Imprensa dá visibilidade ao movimento LGBT, mas de forma estigmatizada

Pesquisa desenvolvida na FFLCH revelou uma tentativa da imprensa brasileira em dar grande visibilidade aos eventos da comunidade LGBT. Contudo, o uso de expressões genéricas e adjetivações estigmatizadoras no discurso tem descaracterizado a identidade dos atores do movimento.

Fernando Pivetti / Agência USP de Notícias

Uma pesquisa desenvolvida na Faculdade de Filosofia, Letras e Ciências Humanas (FFLCH) da USP revelou uma tentativa da imprensa brasileira em dar grande visibilidade aos eventos da comunidade LGBT (Lésbicas, Gays, Bissexuais e Transgêneros). Contudo, o uso de expressões genéricas e adjetivações estigmatizadoras no discurso tem descaracterizado a identidade dos atores do movimento.
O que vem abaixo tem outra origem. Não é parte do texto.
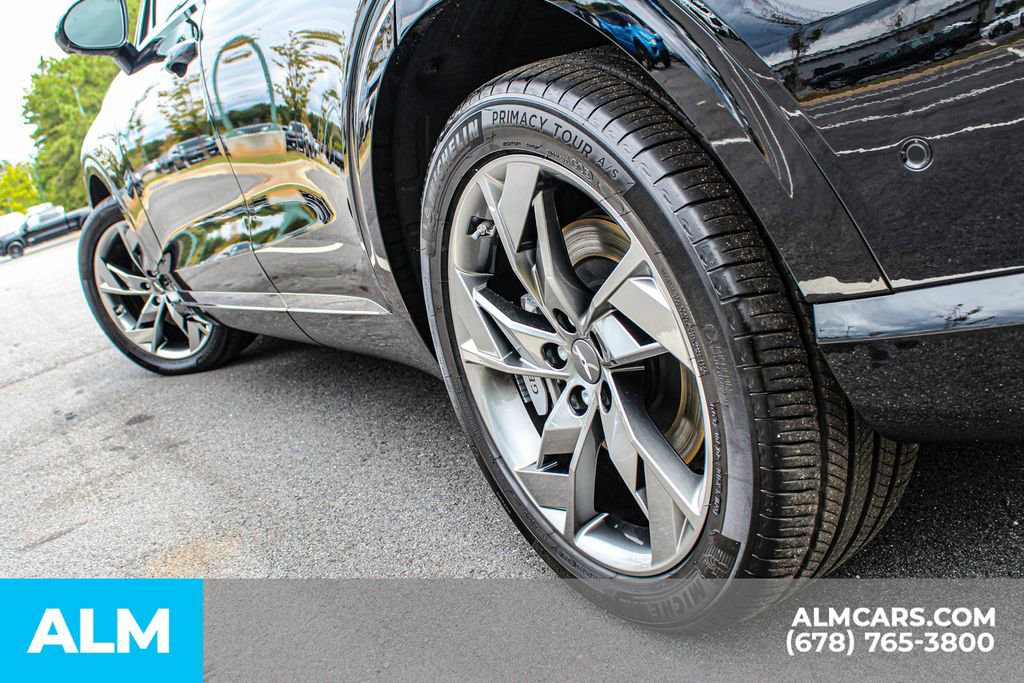 Used 2024 Genesis Electrified GV70 Advanced image 15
A tese de doutorado do professor Iran Ferreira de Melo observou de que forma acontece a representação de um grupo minoritário de direitos sociais na imprensa hegemônica. O pesquisador tomou como base as reportagens elaboradas pelo jornal Folha de S. Paulo acerca de todas as edições da Parada do Orgulho LGBT de São Paulo, realizadas entre 1997 e 2012. “Precisei selecionar um veículo de comunicação de massa que mimetizasse a imprensa. Por isso, escolhi a Folha de S. Paulo, jornal de maior tiragem e circulação paga no Brasil há mais de duas décadas.”
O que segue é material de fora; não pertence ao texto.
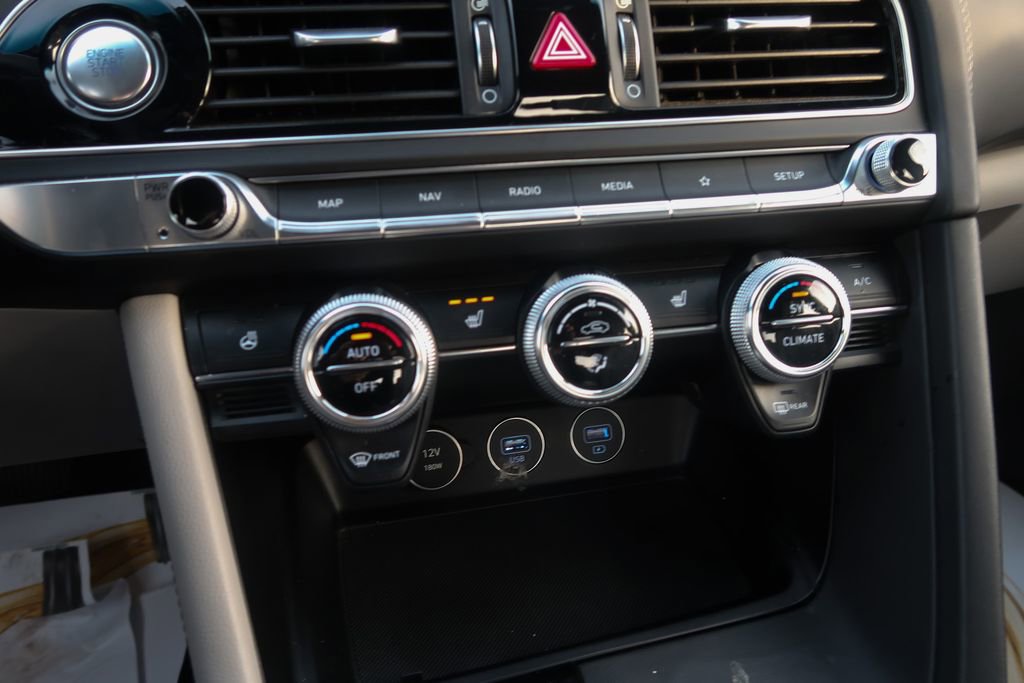 Used 2023 Genesis G70 2.0T image 35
A escolha pelos textos sobre a Parada foi motivada pela força militante do evento dentro do movimento LGBT. Para Melo, “essa é a ação de militância que possui maior notoriedade diante da mídia, fornecendo grande visibilidade à diversidade cultural do grupo e às reivindicações como a criminalização da homofobia e a legalização de direitos sociais historicamente negados a essa população”.
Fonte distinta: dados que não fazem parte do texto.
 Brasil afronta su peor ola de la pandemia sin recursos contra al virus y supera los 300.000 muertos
O projeto teve como base uma perspectiva de estudos chamada Análise Crítica do Discurso. O conceito trabalha a ideia de que a seleção das palavras (nomes e verbos) é uma forma de construir imagens sobre o mundo, atuando como um gatilho para orientar leituras e posicionamentos sobre o que está sendo dito e representado. “Procurei desenvolver um olhar crítico sobre a linguagem escrita, uma vez que esse tipo de análise verifica uma operação muito comum, mas pouco percebida por leitores e leitoras: a escolha de palavras.”

O estudo foi dividido em duas grandes etapas de análise. A primeira, descritiva, analisou fatores que ajudam a dar notoriedade aos textos sobre a Parada e, consequentemente, aos atores LGBT de que dela participaram. “Nessa análise, observei quantas vezes a Folha publicou notícias sobre o assunto, em que caderno colocou essas notícias, quanto de texto usou na capa para chamar a atenção de leitores, qual foi a extensão de texto dentro do caderno e o quanto de citações diretas de entrevistados/as LGBT foi mobilizado.”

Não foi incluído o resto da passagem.